* [Task goal] Reproduce exactly the lines of this material that begin at the line with "TRYING WEIRD FOOD" and end at the line with "Little Stitch And", both included. Omit the pictures and everything else.
═════ Data supplied
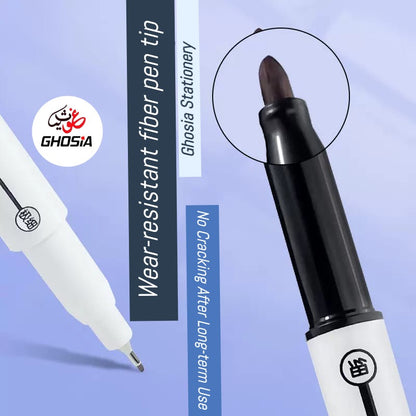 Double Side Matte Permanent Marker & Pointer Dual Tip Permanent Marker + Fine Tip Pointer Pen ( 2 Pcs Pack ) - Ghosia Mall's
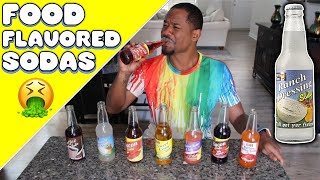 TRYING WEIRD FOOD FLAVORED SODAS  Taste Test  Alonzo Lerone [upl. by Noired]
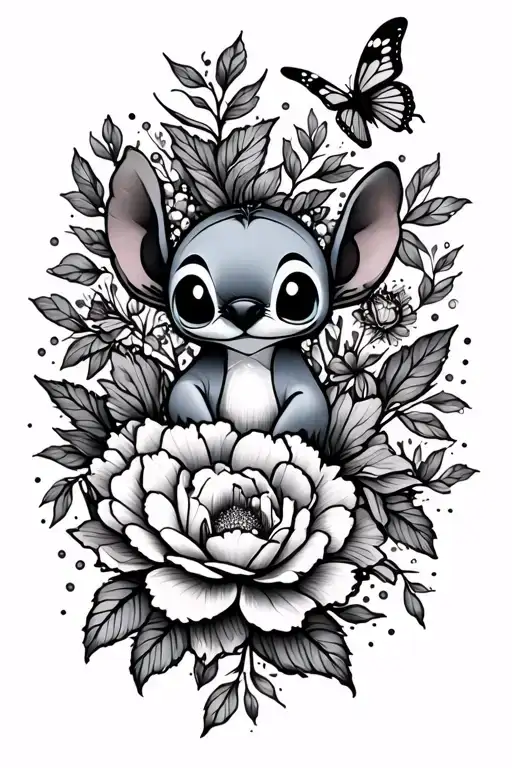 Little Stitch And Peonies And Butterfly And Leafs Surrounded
══════════
═════ Data supplied
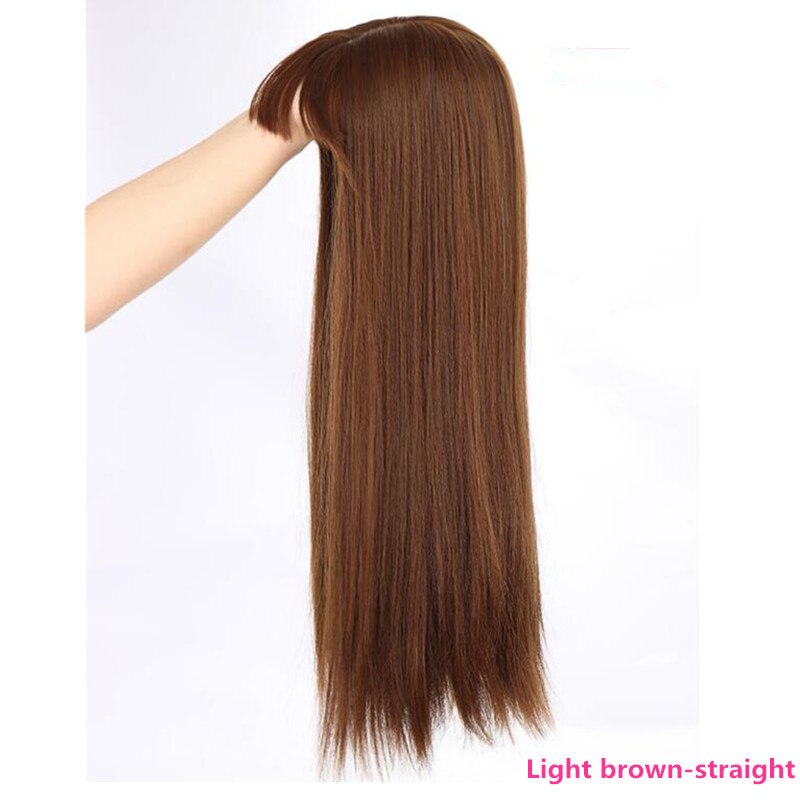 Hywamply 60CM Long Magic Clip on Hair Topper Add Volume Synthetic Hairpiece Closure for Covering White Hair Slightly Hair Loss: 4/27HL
══════════
═════ Data supplied
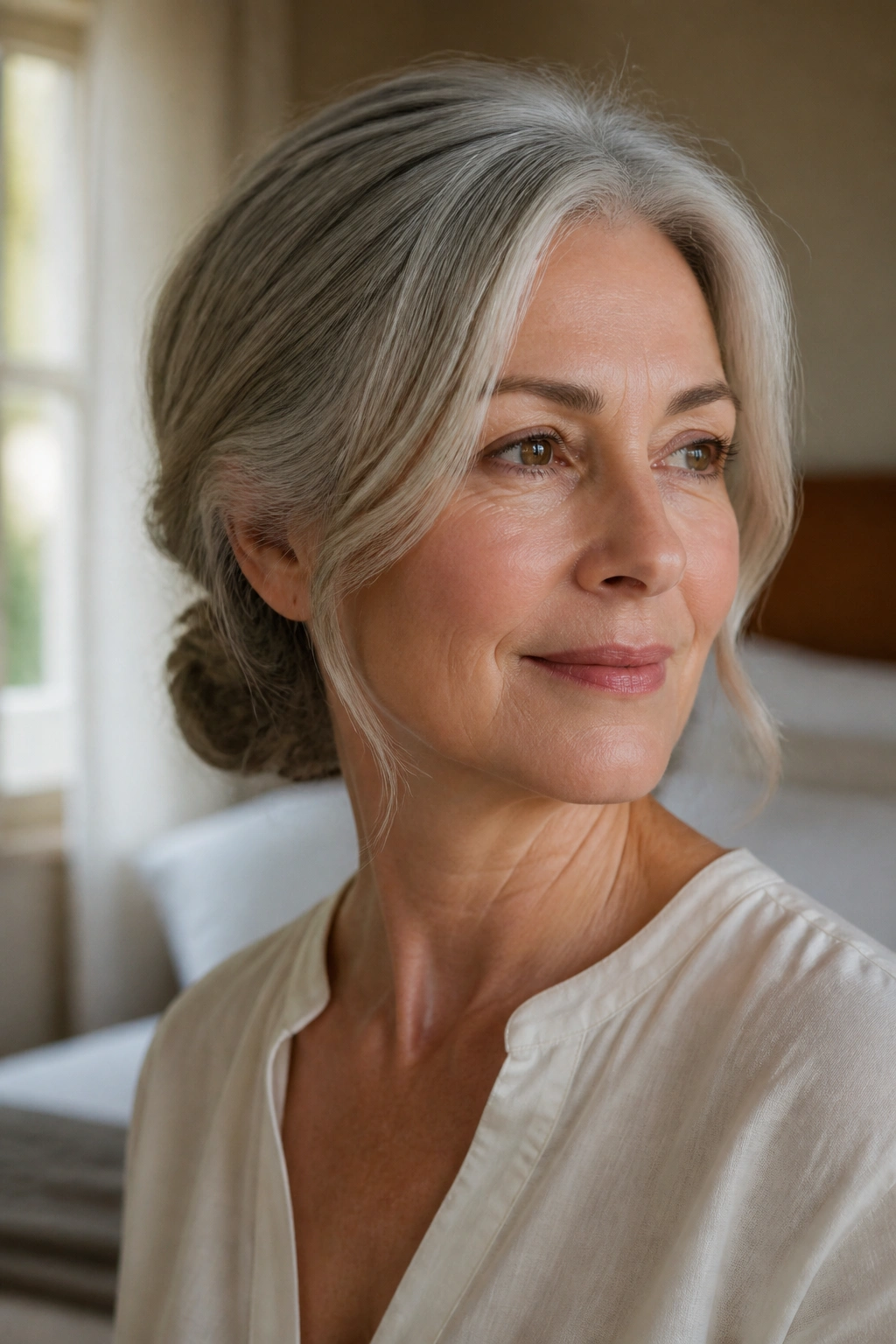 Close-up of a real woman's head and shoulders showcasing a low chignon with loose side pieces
══════════
* [Exercise output]
 TRYING WEIRD FOOD FLAVORED SODAS  Taste Test  Alonzo Lerone [upl. by Noired]
 Little Stitch And Peonies And Butterfly And Leafs Surrounded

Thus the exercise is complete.